I like to come to the rescue of people. Who doesn’t like to swoop in, change a couple of prompts, tweak a couple of things, and step away like a forms design hero? But we can’t always save the day — or the form.
On the afternoon in question, I got an email from a deputy chief of staff from the Ohio secretary of state’s office, Matt Masterson. Matt and I had known each other for some years by this point, and he wanted a favor.
In his email, he wrote that the Ohio legislature had just passed new laws about provisional ballots. He and his team needed to create a new form for poll workers to use to get voters to attest that they are who they say they are. Matt and his team had to do it in just a few weeks, ahead of the upcoming primary election. He sent along their draft and the statutory requirements.
Provisional voting is a fancy way of saying that someone has arrived at a polling place but there’s a question about whether they are eligible to vote. Usually, the problem is that they’re not in the voter rolls. But we still want them to be able to vote, so they get a special ballot that lists only federal and state contests. Because there is no way to be sure that this person can legally vote in this precinct, local contests are not included on provisional ballots.
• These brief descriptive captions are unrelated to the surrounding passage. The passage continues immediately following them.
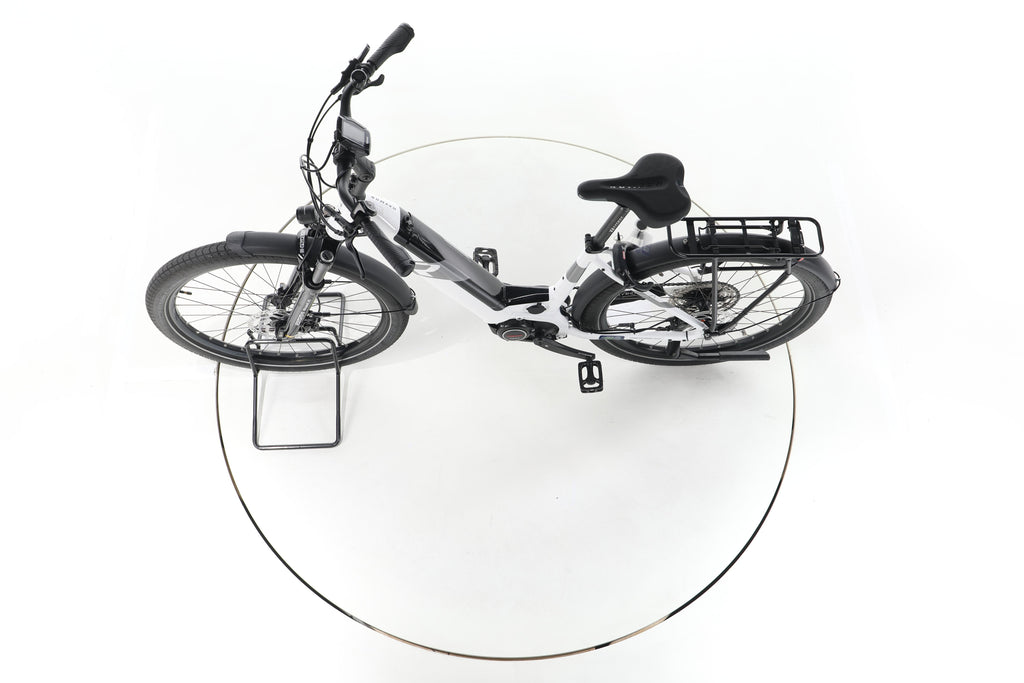 R Raymon TourRay E 7.0 Trekking E-Bike Tiefeinsteiger - Image 19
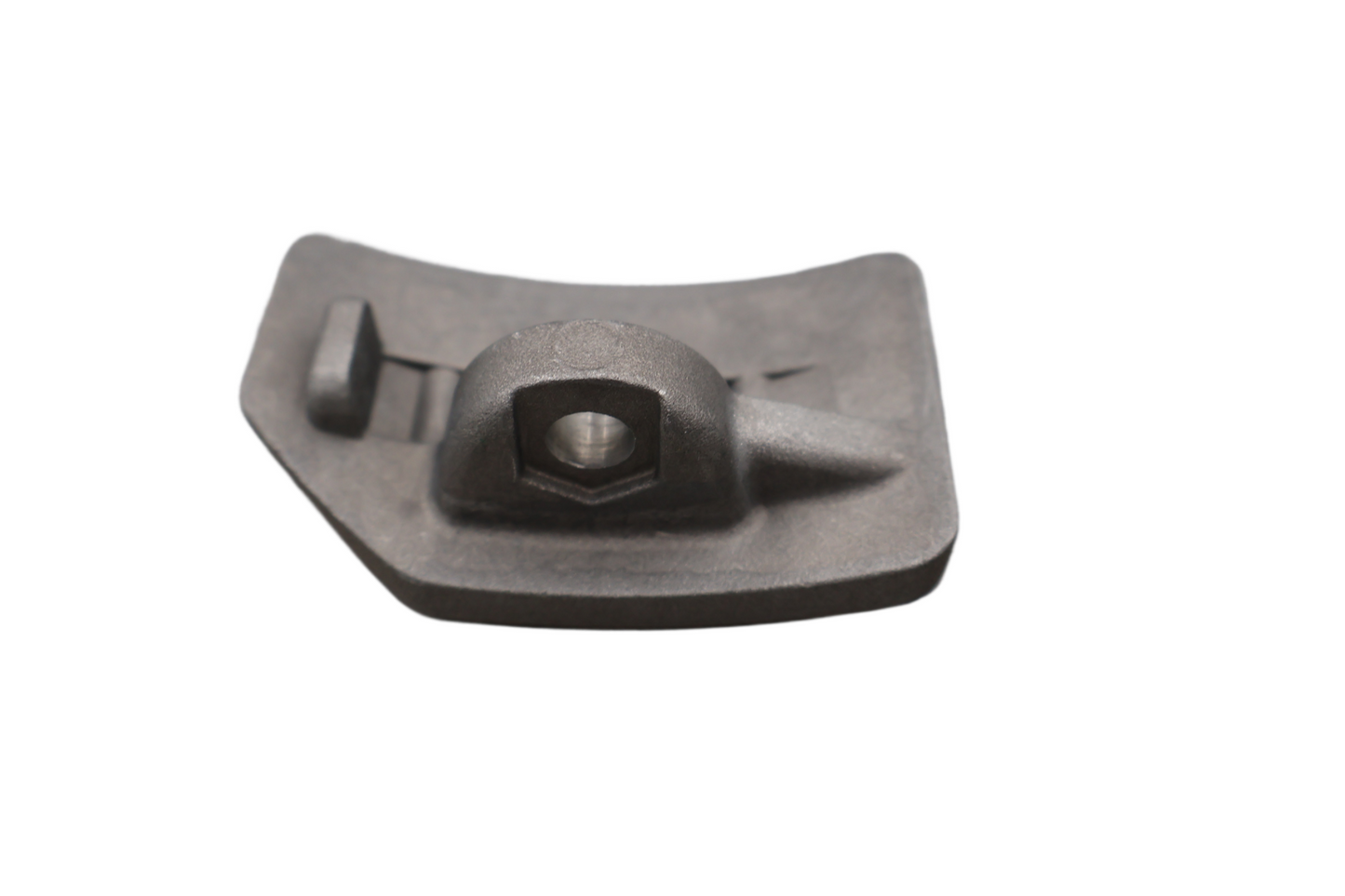 5102046AB NEW OEM 2003-2010 DODGE VIPER ACR SRT-10 CLUTCH PEDAL PAD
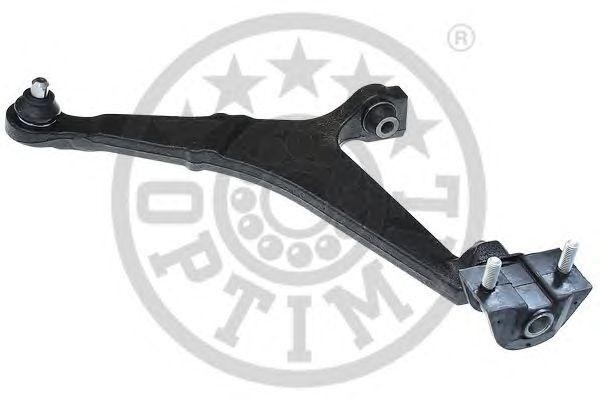 Рычаг независимой подвески колеса, подвеска колеса G6-089 OPTIMAL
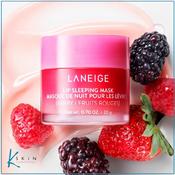 LANIEGE Lip Sleeping Mask - Berry (Original) image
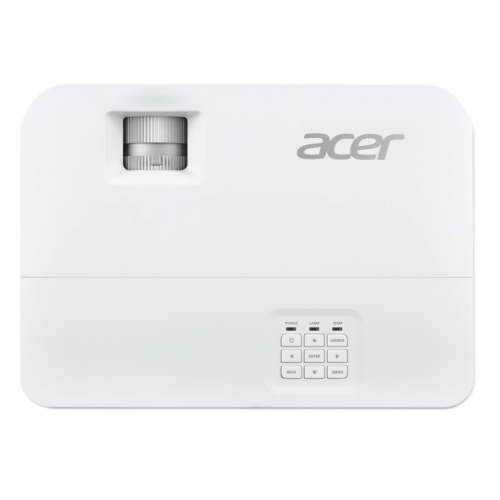 Videoproiector ACER H6543Ki, FHD 1920 1080, up to WUXGA 1920 1200, 4.500 lumeni 3.600 lumeni Eco, 16:9 4:3, 10.000:1, zoom 1.1x, dimensiune maxima imagine 300 , distanta maxima de proiectie 10 m, bo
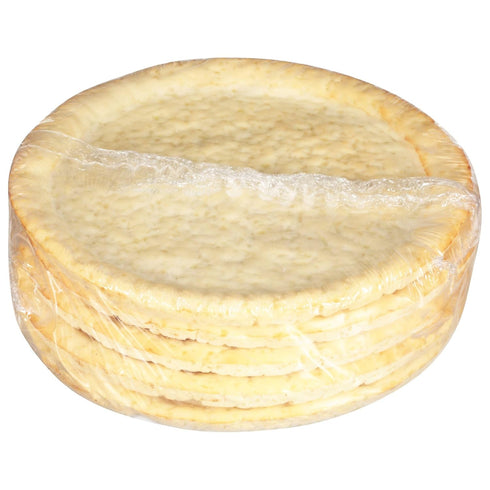 Rich's Gluten-Free Raised Edge Cauliflower Pizza Crusts, Bake From Frozen, 10" Crusts,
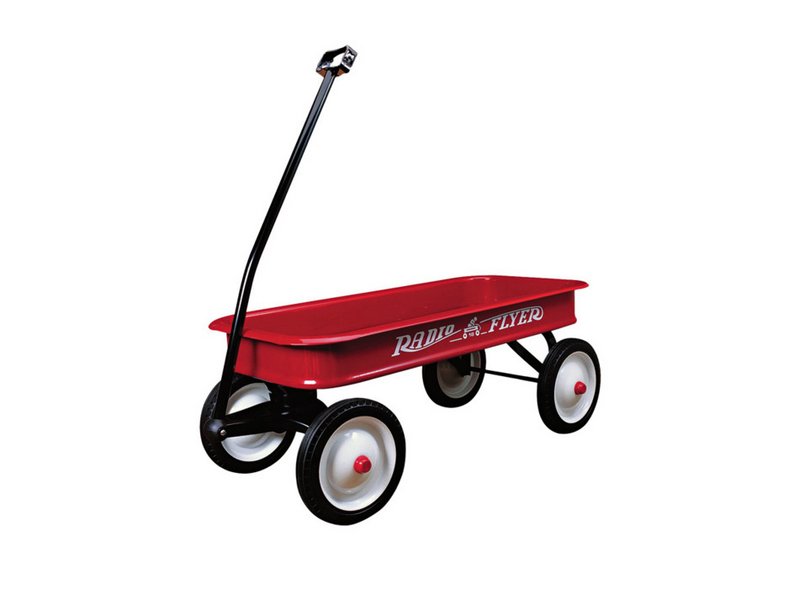 Radio Flyer Wagon Repair Help Learn How to Fix It Yourself.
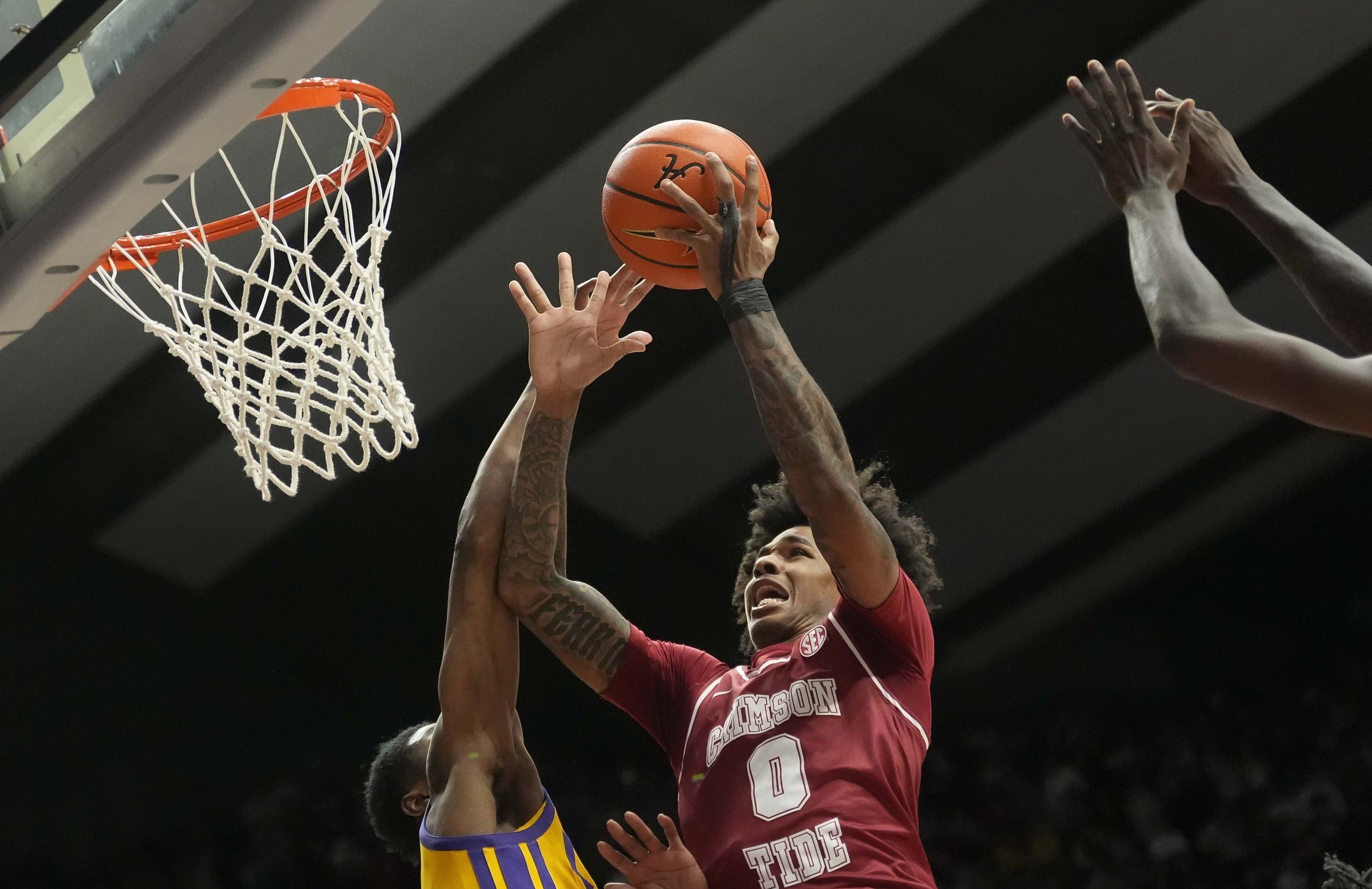 North Dakota at Alabama Picks and Predictions for Monday, November 3, 2025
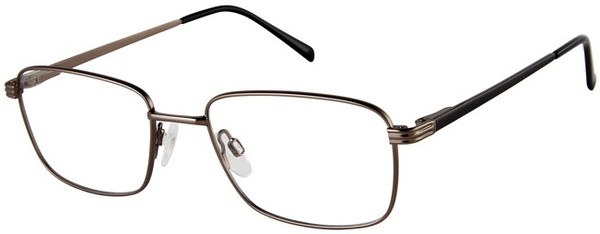 Aristar 30724 Eyeglasses Men's Full Rim Square Shape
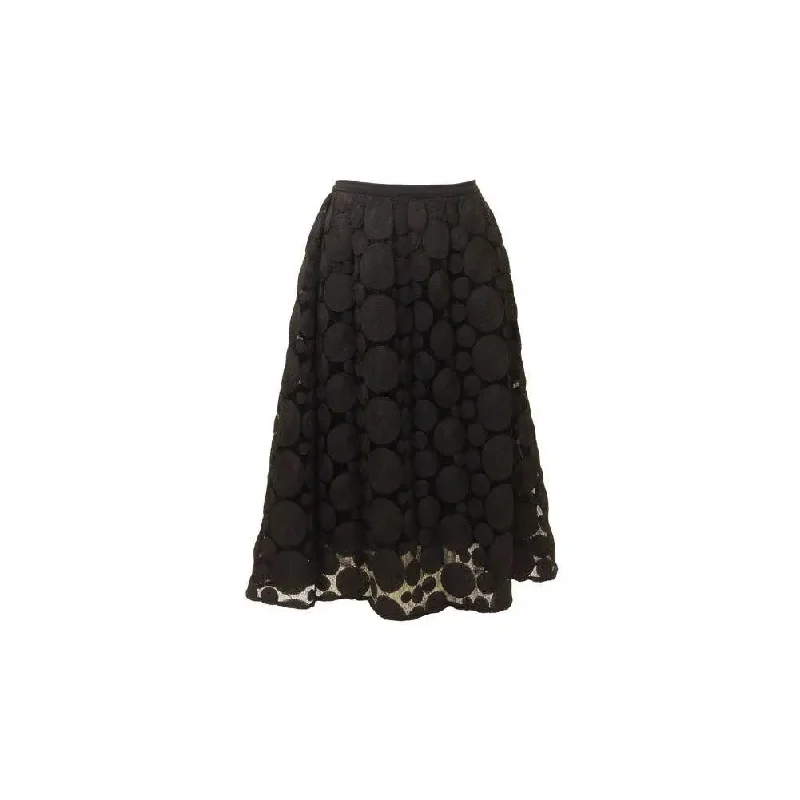 Tracy Reese Woven Skirt Anniversary unclassified skirts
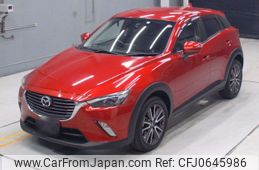 mazda cx-3 2016 -MAZDA--CX-3 DK5FW-127226---MAZDA--CX-3 DK5FW-127226-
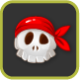Find the Pirate - Cross Platform 3D Puzzle Game - HTML5 / Games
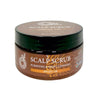 OPlus Argan Oil Purifying And Deep Cleansing Scalp Scrub 200ml - Awarid UAE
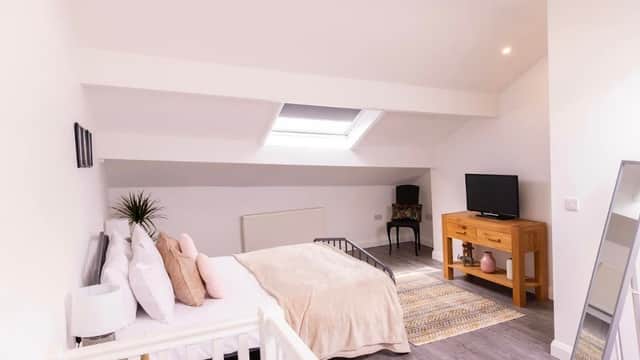 Accommodation at House of Josef - Cambridge Mews in chiserley
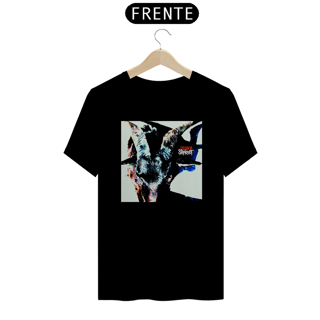 Nome do produto Camiseta Slipknot - iowa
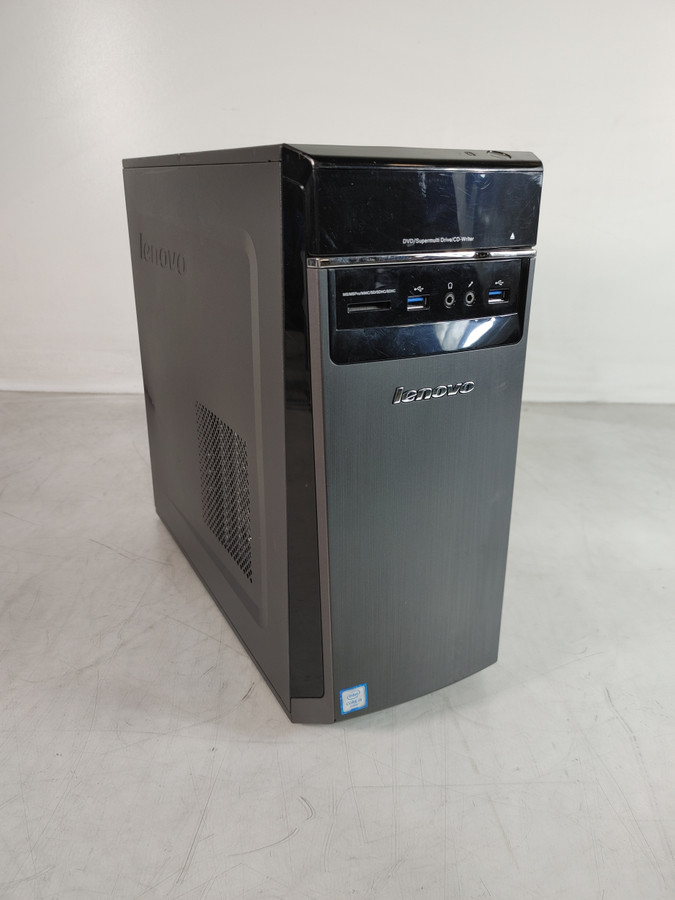 Lenovo IdeaCentre 300-20ISH Core i5-6400 2.70 GHz 8 GB DDR4 No HDD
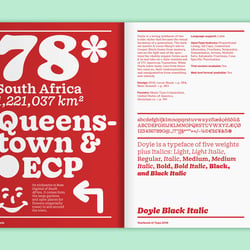 Yearbook of Type 2019/20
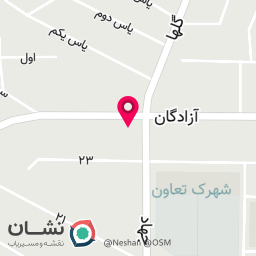 عکس سالن فردین بابامیری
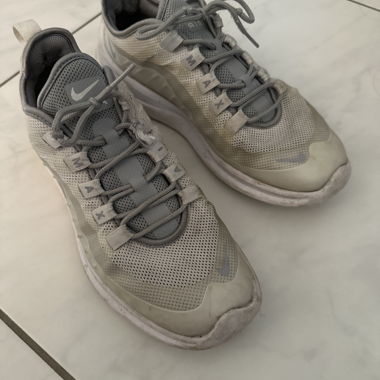 Chaussures Nike Air Max Axis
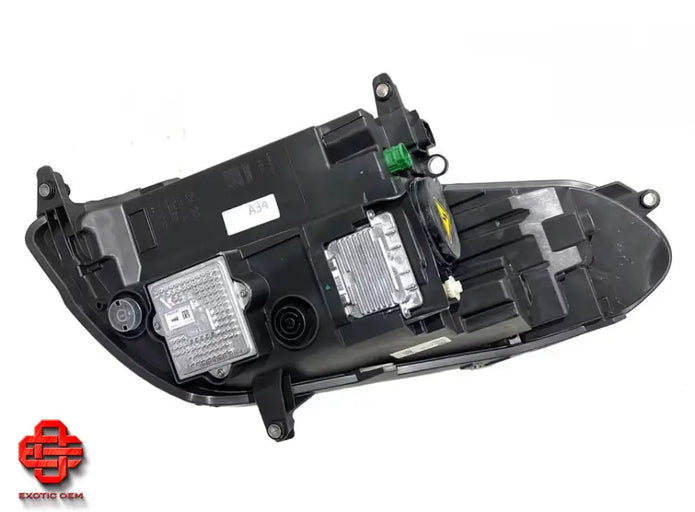 FERRARI F12 BERLINETTA RIGHT HEADLIGHT AFS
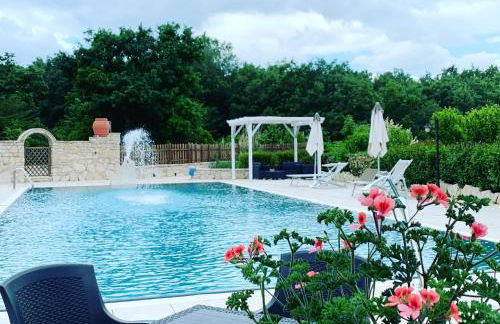 Agriturismo La Dimora dei Cavalieri - Photo 5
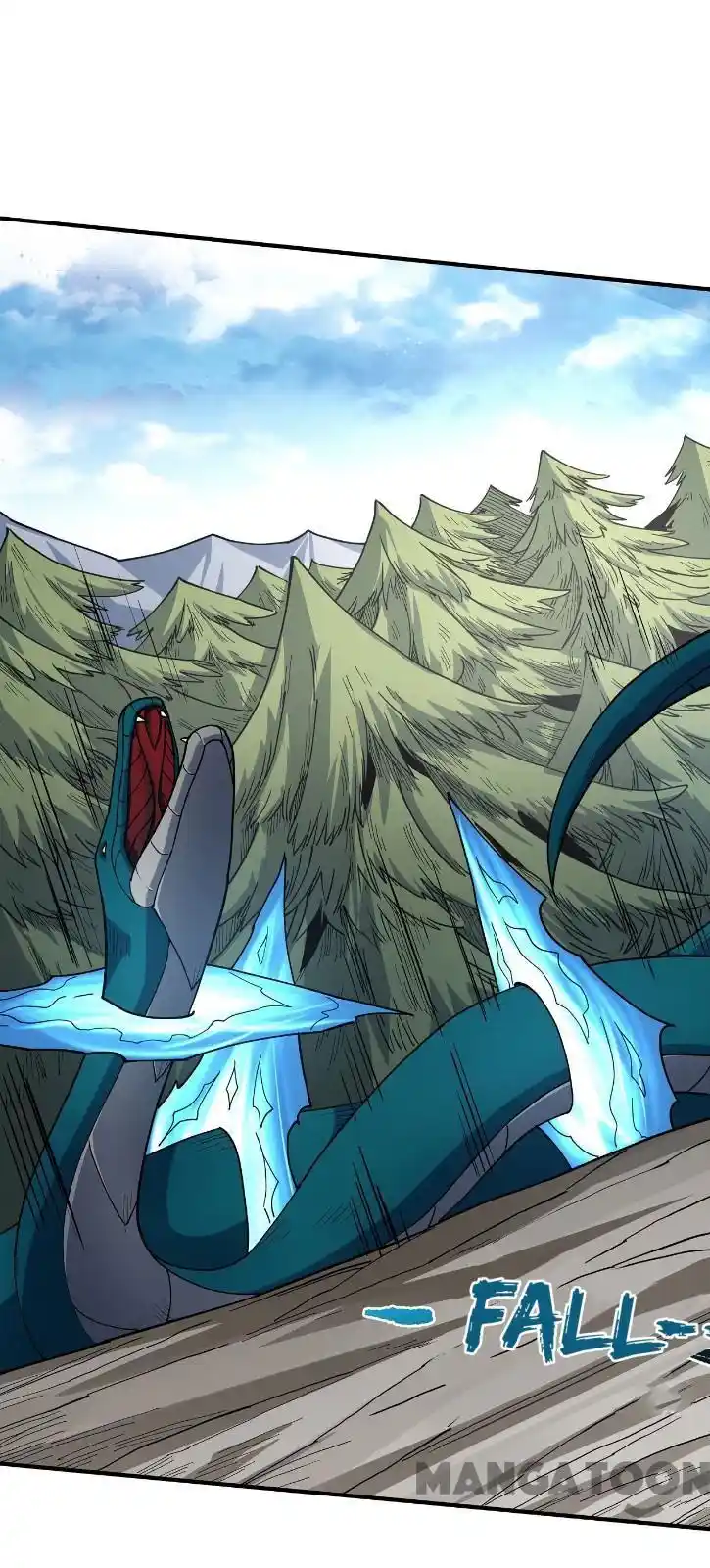 Peerless Martial God Chapter 170.2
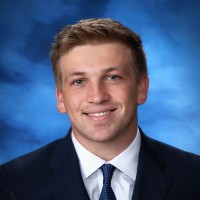Landon Scharf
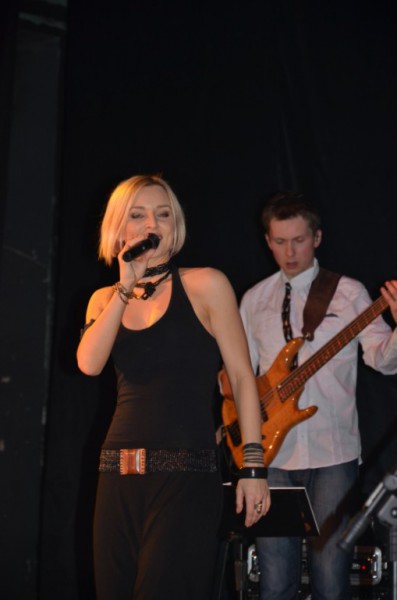 koncert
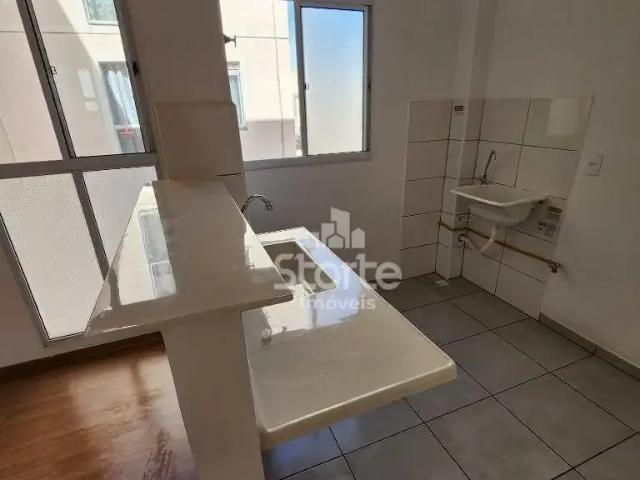 Apartamento para Venda em Uberlândia/MG Jardim Patrícia 2 Quartos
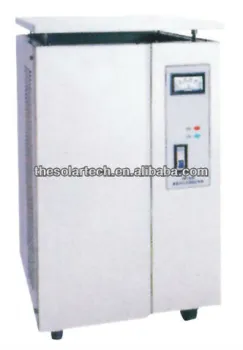 NPS series intelligent AC stabilized voltage power supply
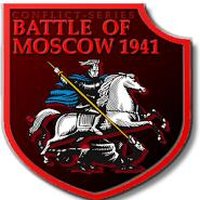 Battle of Moscow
Matt and his co-deputy, Matt Damschroder, had made a first pass at the form. It looked like you’d expect it to look: like a dog’s breakfast. These guys are some of the best public servants around, but neither of them will be using the word “designer” on their résumé any time soon. All the legal stuff was there, but the design was, shall we say, unintentionally awful. They knew it but they weren’t sure what to do about it.
“Would you have a look at it for us, please?”
It is not uncommon for me to get requests like this. People send me ballots, forms and manuals to review and comment on every month or so. I do it, almost always for free. Why? Because I can, because it needs doing, and because I like being a hero (as I mentioned above). But mostly, I do it because they ask.
This time, I didn’t have the time to take the thing apart and do the job it deserved. I wrote back a few days later. I tried to cast my unavailability as empowering them: They should go have a look at a few other, related forms that my team had recently redesigned and tested. They probably wanted to look at a set of best practices for ballot design that they both knew about. And they should follow the guidelines in the Field Guides To Ensuring Voter Intent. Then I went back to working on the grant proposal or report or whatever it was that was preventing me from reworking the Ohio form myself.
Forty-eight hours later, they sent another version. The transformation was nothing short of amazing. They had done it by themselves in Microsoft Word, using some simple guidance and borrowing from other designs.
The only thing more satisfying than being a hero is making heroes out of other people.